5. Complete ITR filing
We file ITR-2 with all income sources correctly categorized. We ensure taxable income, exempt income, and foreign income are in the right sections. We calculate tax accurately and optimize your liability.
Result:
You never overpay tax. You never miss refunds. You remain fully compliant.
Book Belong's NRI tax filing service.
Your action plan: Categorize your income correctly
Step 1: List all your income sources
Write down every source: salary, rent, FD interest, capital gains, pension, business income, dividends.
Step 2: Identify India-sourced vs foreign-sourced
India-sourced: Rent from India property, NRO interest, India salary, India capital gains. Foreign-sourced: Dubai salary, US stock dividends, UK property rent.
Step 3: Separate taxable from tax-free
Taxable: Rental income, NRO interest, capital gains (unless GIFT City or Section 54 exempt). Tax-free: NRE/FCNR interest, GIFT City gains, inheritance.
Step 4: Calculate expected tax
Apply slab rates to taxable income. Check how much TDS was already deducted. Estimate if you owe more tax or are due a refund.
Step 5: File ITR correctly
If total income exceeds ₹3 lakh or TDS was deducted, file ITR. Claim refunds if TDS exceeds actual tax. Report exempt income separately.

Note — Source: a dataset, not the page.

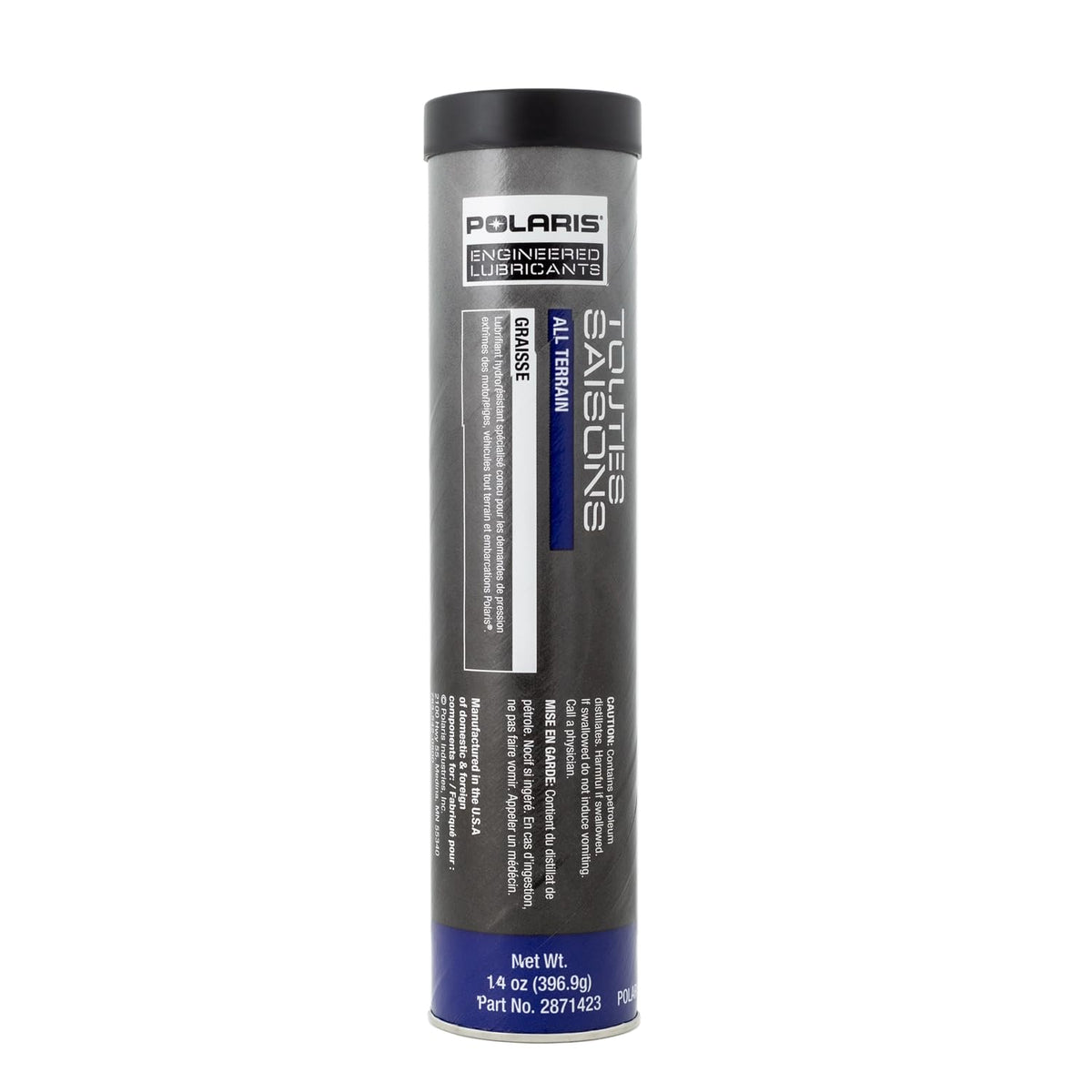 Polaris grease being applied to an axle fitting, protects bearings and reduces wear benefit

Or let our team handle everything.
We categorize every income source correctly. We calculate tax accurately. We claim all refunds. We ensure zero compliance issues.
Simple ITR (only NRE/NRO interest): ₹2,500. Standard ITR (rental or capital gains): ₹4,500. Complex ITR (multiple income types, DTAA): ₹7,500.
Book Belong's tax filing service.
Frequently Asked Questions
Is my Dubai/UAE salary taxable in India?
No. Foreign salary earned while you're an NRI is not taxable in India. Only if you work in India for part of the year, that India portion of salary is taxable.
Are dividends from Indian stocks taxable for NRIs?
Yes. Dividends are taxable at your slab rate. Company deducts 10% TDS on dividends above ₹5,000/year. You report it in ITR and pay additional tax if your slab is higher.
If I sell India mutual funds, what's the tax?
Equity funds: 12.5% LTCG (on gains above ₹1.25 lakh, held >12 months) or 20% STCG (held <12 months). Debt funds: Taxed at slab rate. GIFT City funds: 0% tax.
Mutual fund taxation for NRIs.
Can I avoid tax on rental income?
No, rental income is always taxable. But you can claim municipal taxes and 30% standard deduction to reduce taxable amount. You can also claim Section 54 exemption if you sell the property and reinvest.
Is inheritance from parents taxable?
No. Inheritance from any relative is completely tax-free in India. No ITR filing needed for inheritance itself (but rental income from inherited property is taxable).
What if I have both NRE and NRO interest?
NRE interest: Report under exempt income (Section 10(4)). NRO interest: Report as taxable income under "Income from Other Sources."
NRE vs NRO taxation explained.
Are GIFT City returns really tax-free?
Yes. Section 10(4D) exempts all income from specified IFSC funds and deposits. This includes GIFT City mutual funds and FDs. You report it as exempt income in ITR.
Disclaimer: This article is for informational purposes only and does not constitute financial, tax, or legal advice. Income categorization rules, tax rates, and exemption provisions are subject to change. Consult a qualified chartered accountant before making tax decisions. Belong (getbelong.com) is a SEBI-registered investment advisor offering GIFT City-based investment products under IFSCA regulation and professional NRI tax filing services.